Franz Joseph I. zeigte, soweit die Regierungsgeschäfte dies erlaubten, durchaus Interesse am Musikleben, besonders in Wien. Die Ausstellung „Kaiser Franz Joseph und die Musik“ des Archivs der Gesellschaft der Musikfreunde in Wien präsentierte 2016 entsprechende Belege, die zwar auch keine eigene musikalische Betätigung, aber doch vielleicht über die Verpflichtungen seiner Position als Herrscher hinausgehendes Interesse zeigten.
Der Kaiser sah in Bruckner vor allem ein Mitglied der Hofmusikkapelle und damit einen Beamten, der oft die Orgel zu Geburts- bzw.
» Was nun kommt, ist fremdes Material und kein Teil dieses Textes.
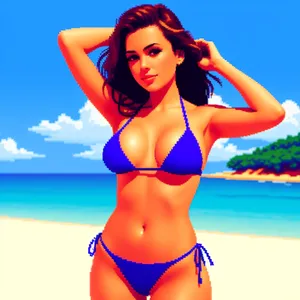 Summer Beach Babe in Stylish Bikini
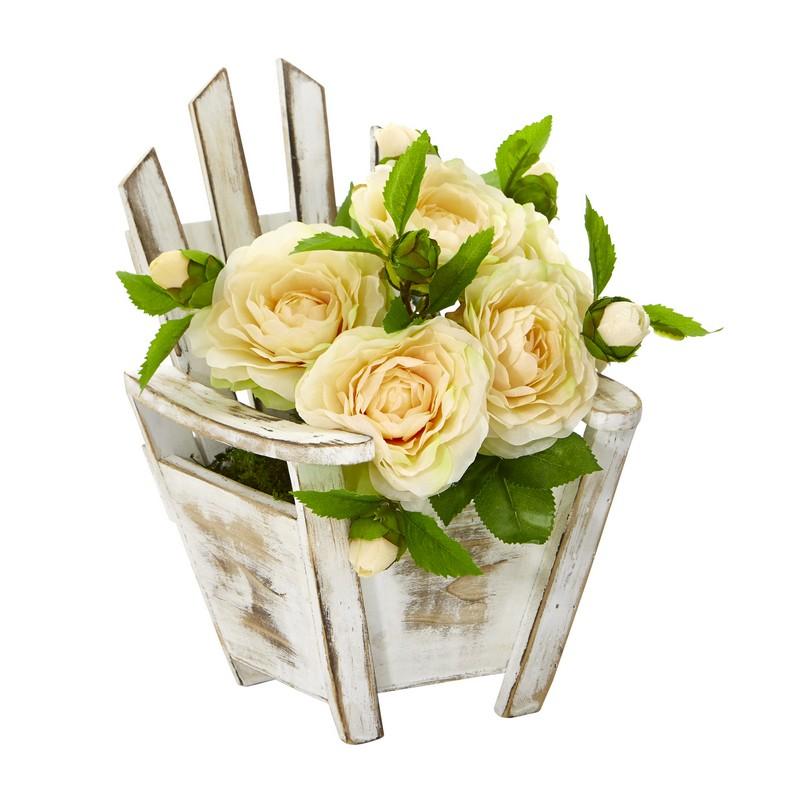 9"  Camellia Artificial Arrangement in Chair Planter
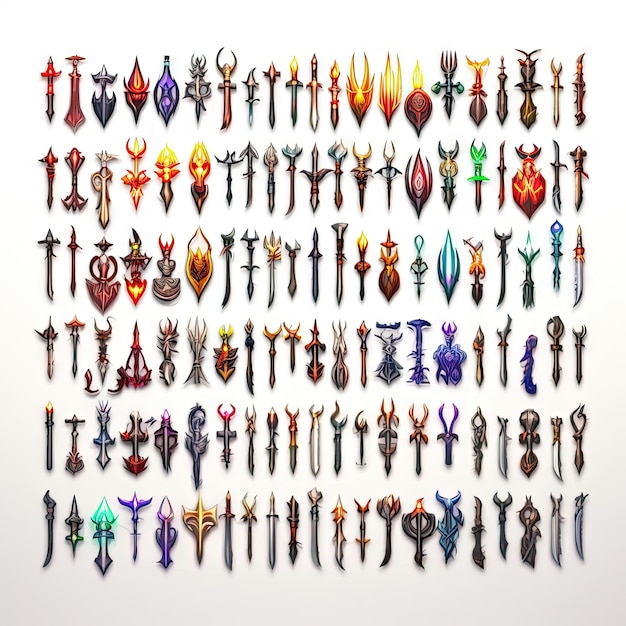 game assets Spritesheet of weapons swords bows shields and staffs 3d and 2d glowing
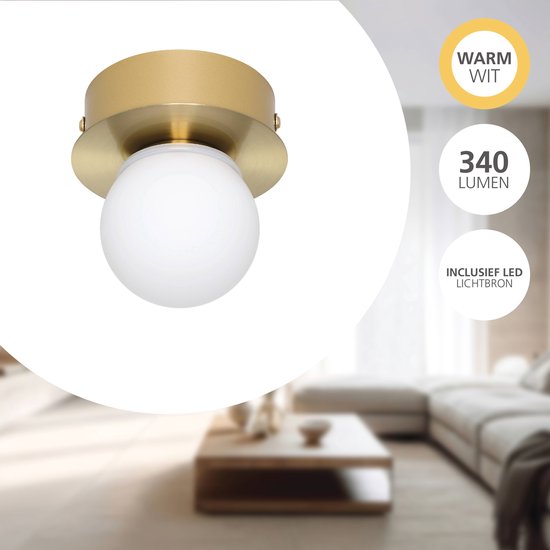EGLO Mosiano Wandlamp - Plafondlamp - Spiegellamp - Badkamer - LED - Ø 11 cm - Goud/Wit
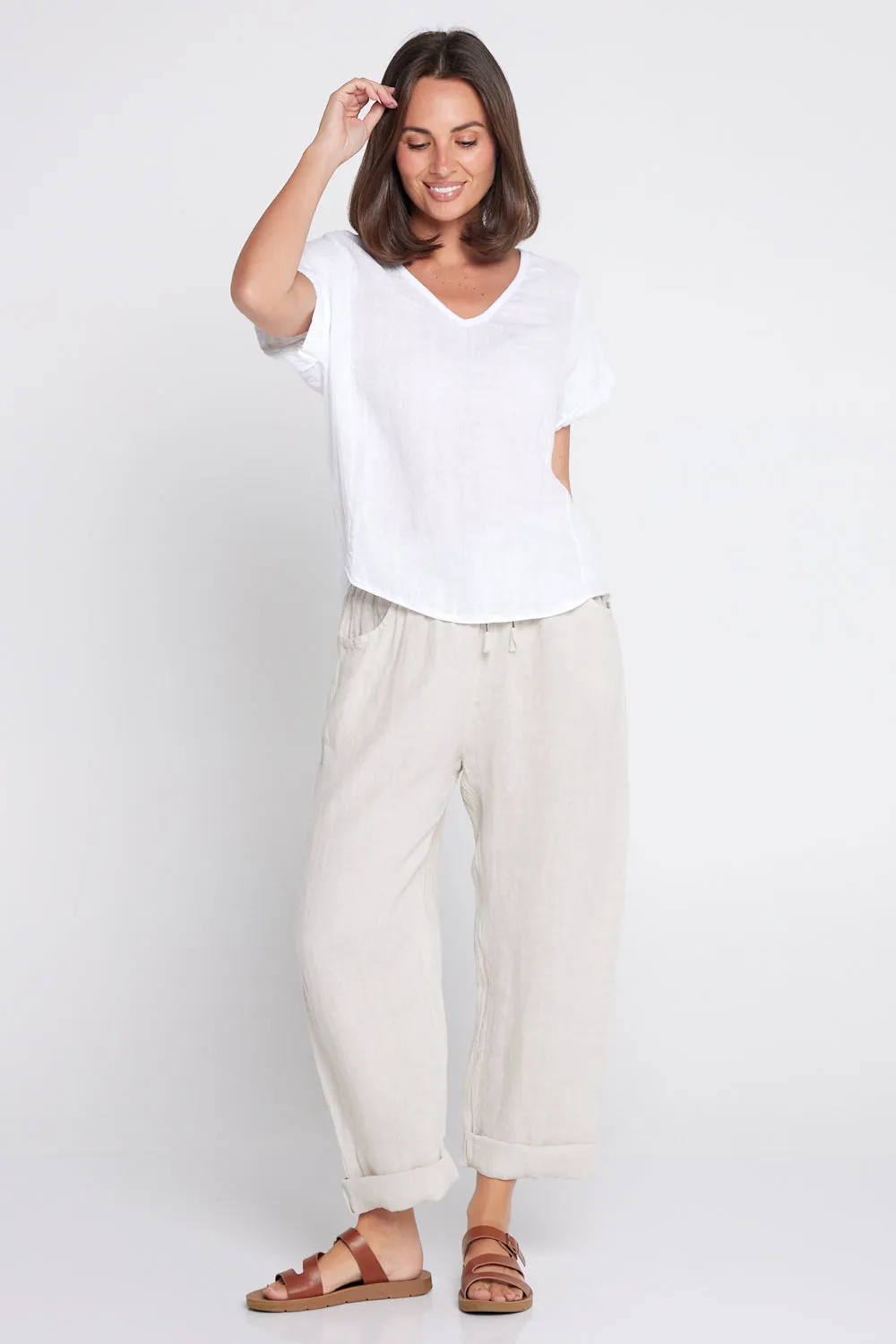 Raquel Linen Top - White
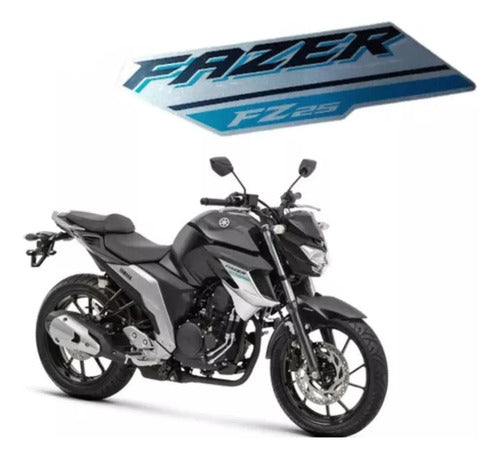 Adesivo da Aba do Tanque Direita Yamaha Fazer Fz25 250 2018 a 2023 Cinza Preto
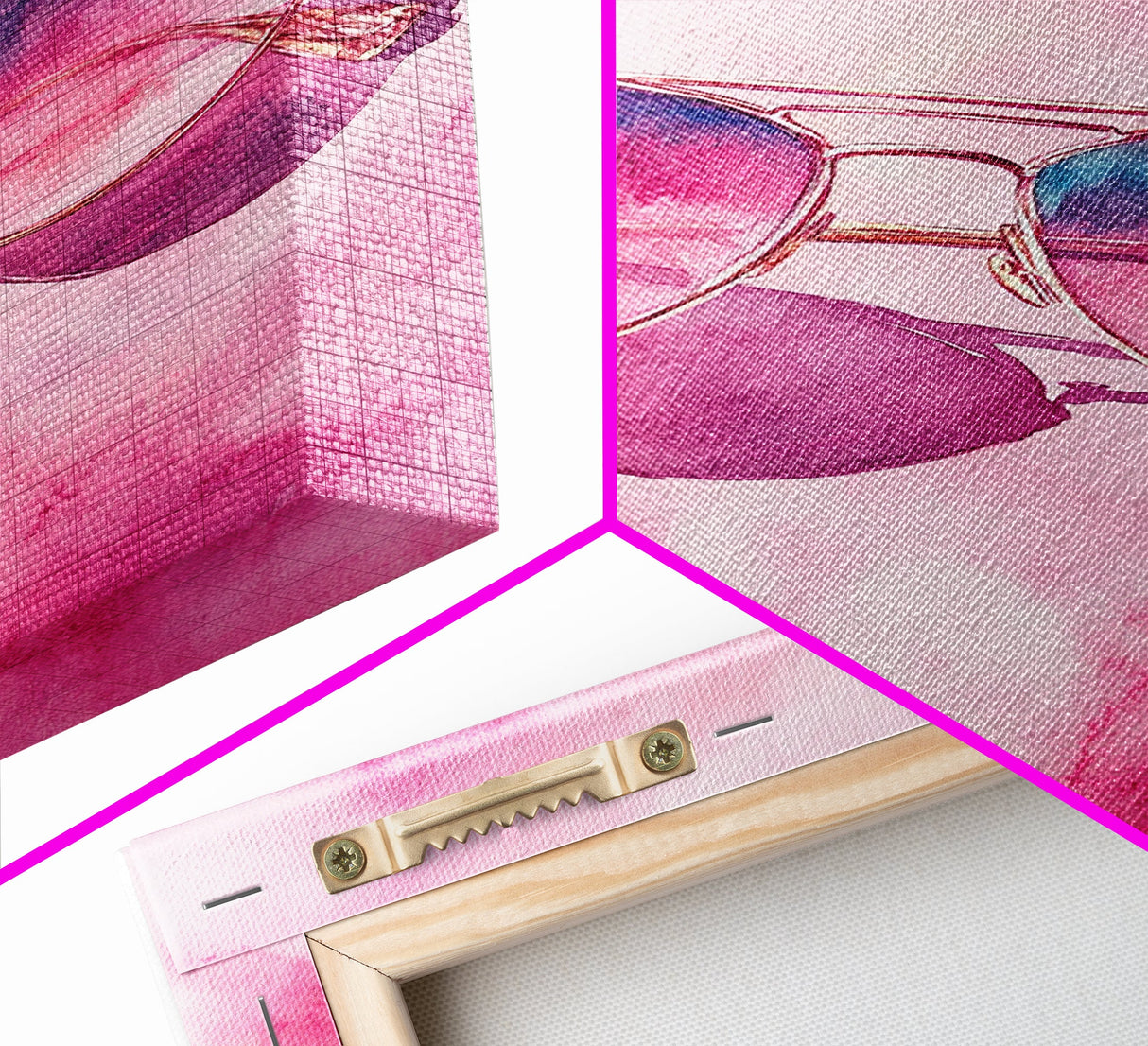 Stylish pink sunglasses painting featuring framed canvas print, pink wall art, boho art, above sofa art, modern living room decor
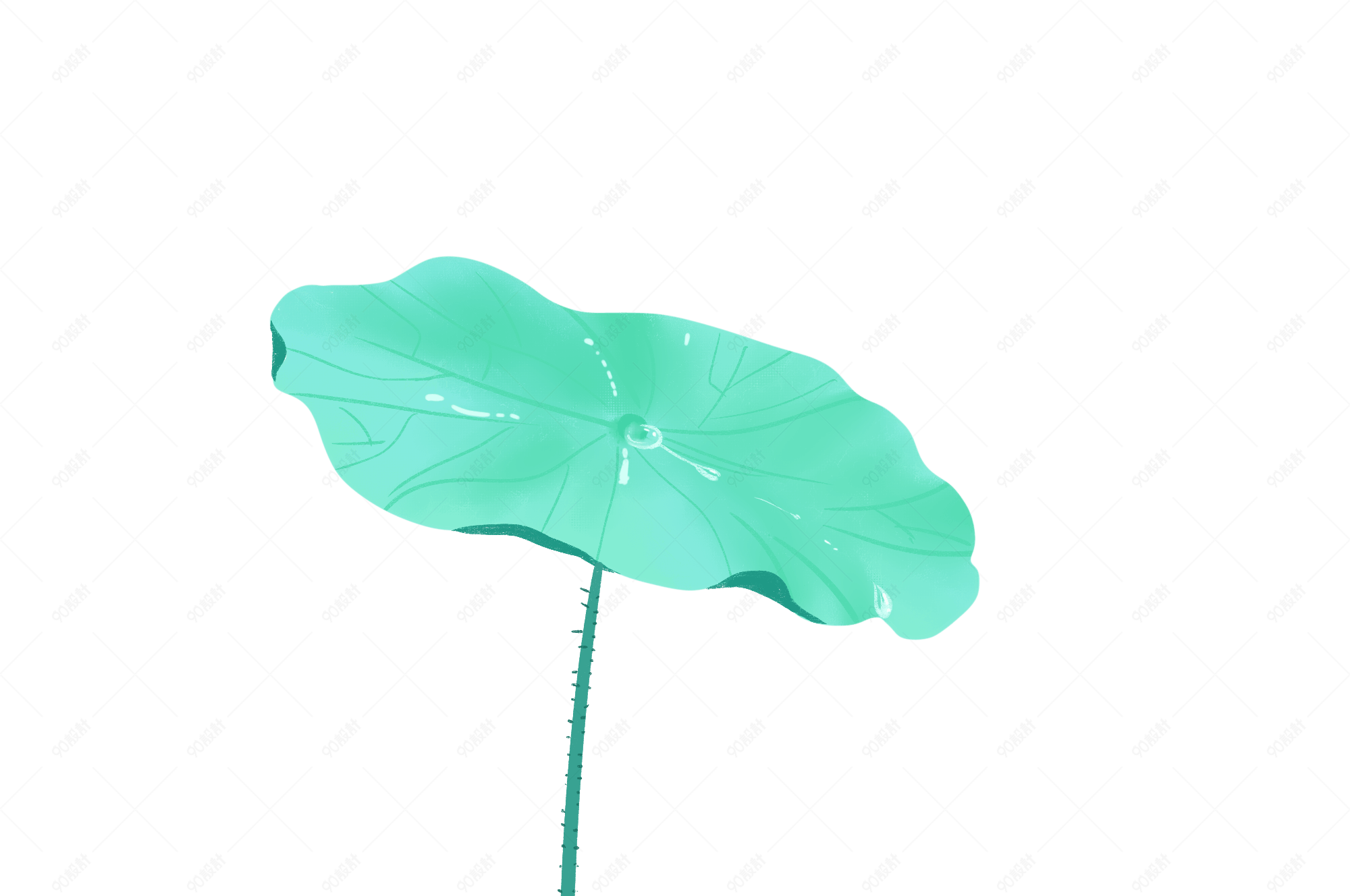 清新手绘风绿色荷叶水珠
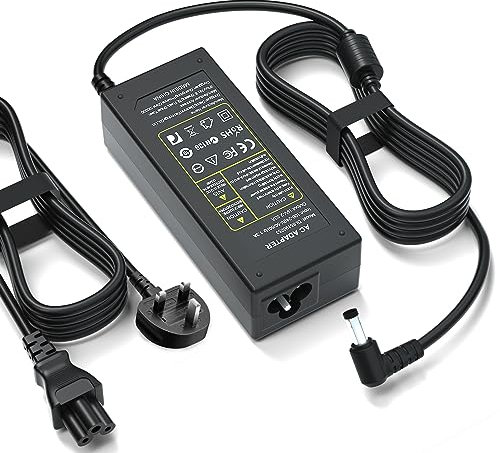 LG Monitor Power Cable, 19V Power Supply for LG Electronics 1920222324272934 Monitor LCD TV 22MK600M 22MK400H E2290T E2360T 27GN950 27GP750 29UM69G 32UN88A Samsung UN32J4000 Adapter Charger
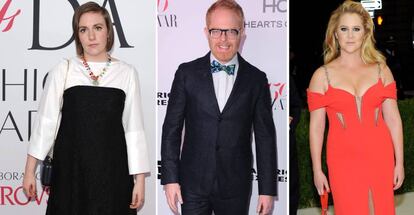 Los actores Lena Dunham, Jesse Tyler Ferguson y Amy Schumer.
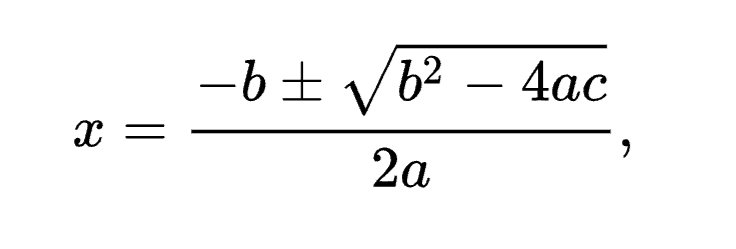  X=(-b+√(b²) - 4ac)÷ 2a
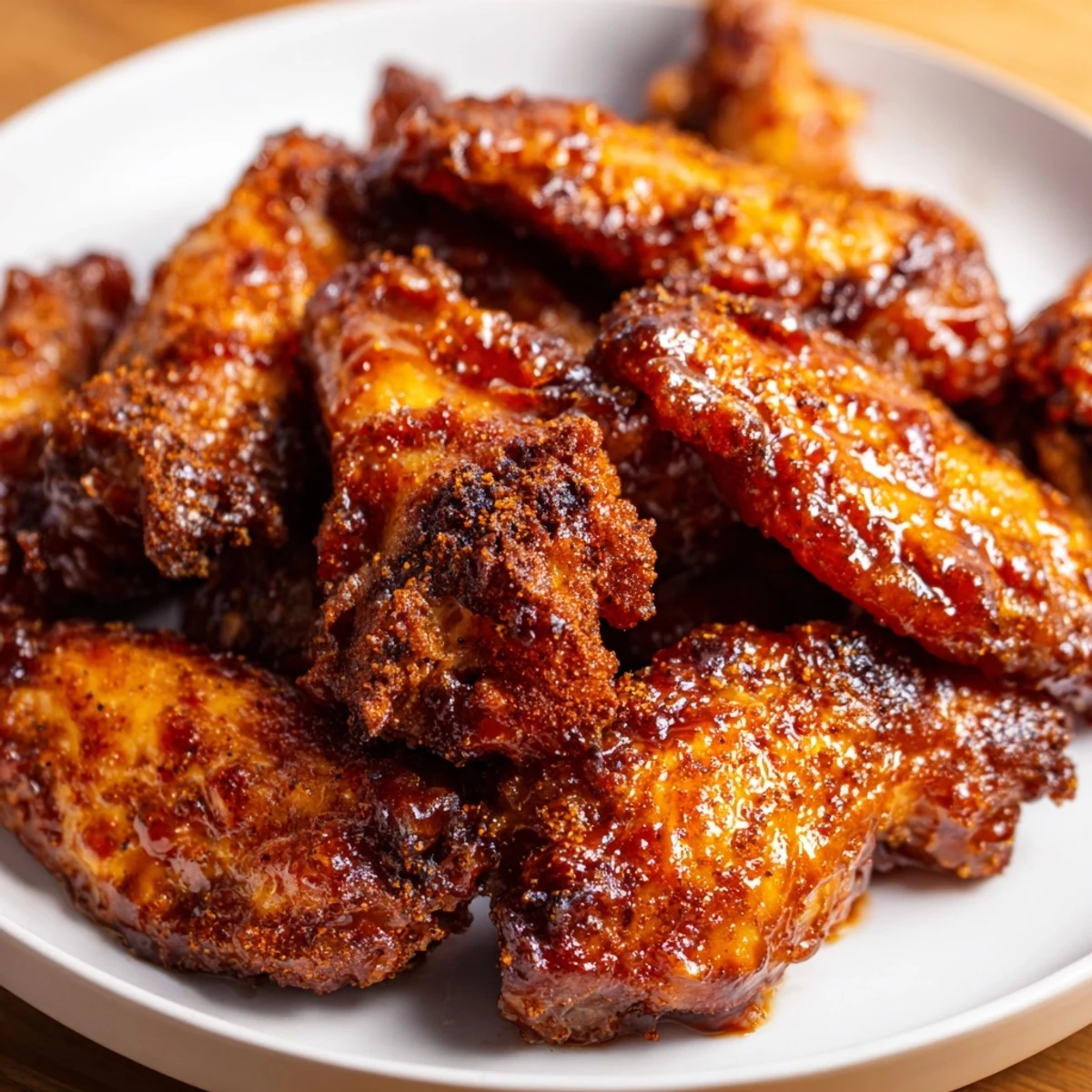 Close-up of crispy Baked Sticky Honey BBQ Wings with a rich, caramelized honey BBQ glaze, ready to eat.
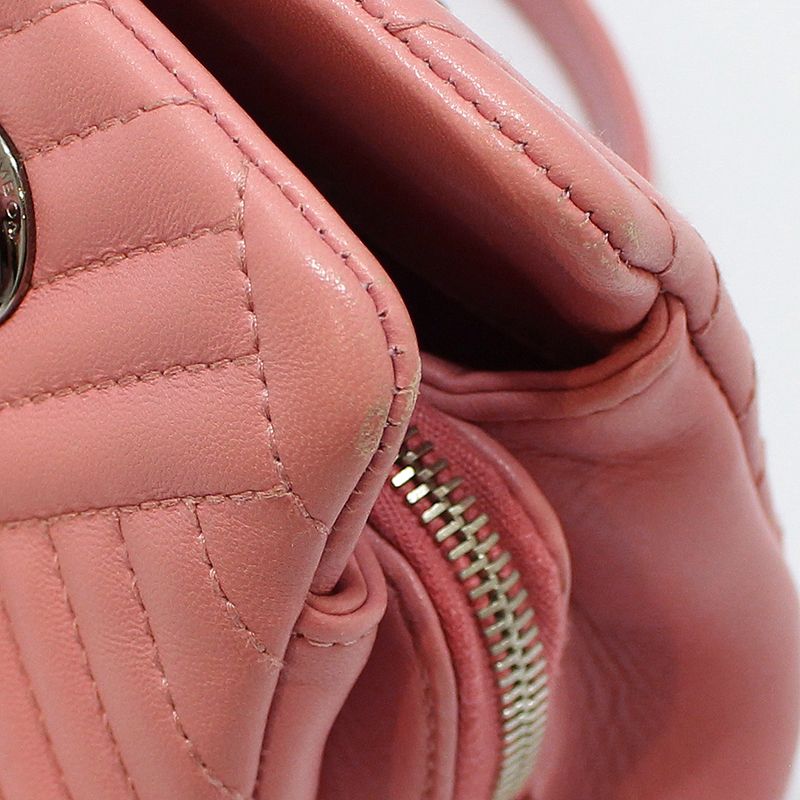 Chanel Shoulder Bag – Lambskin Leather – Pink – Silver Hardware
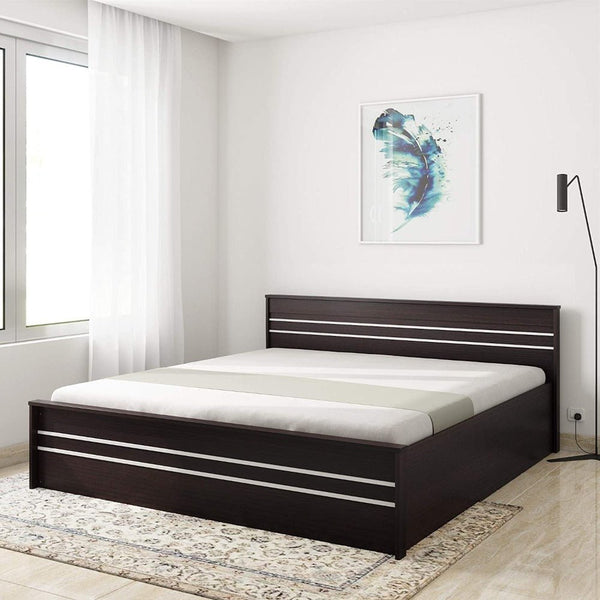 Sirca Wooden Bed With Storage in Brown Color - Luxe Maple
Namenstagen des Kaisers spielte, dessen Rang bei Hofe aber sehr bescheiden war. In seinen Beurteilungen verließ sich Franz Joseph I. in der Regel ganz auf die höfische Hierarchie und vermied es zumeist, sich mit persönlicher Intervention in den geordneten Hofapparat einzuschalten. Daher war Bruckners jahrzehntelange Taktik, durch alle möglichen höfischen Mittelsleute und kaiserliche Verwandte bei dem von ihm verehrten Kaiser Vergünstigungen zu erreichen, wenig erfolgversprechend. So scheiterte z. B. 1876 Bruckners Versuch, über den Obersthofmeister Konstantin Prinz zu Hohenlohe-Schillingsfürst eine außerordentliche Professur an der Universität Wien durchzusetzen. Franz Joseph I. mischte sich selbstverständlich nicht in die universitären Belange ein. Der Antrag des Professoren-Kollegiums der philosophischen Fakultät auf Verleihung des Ehrendoktorats an Bruckner bedurfte allerdings seiner Genehmigung.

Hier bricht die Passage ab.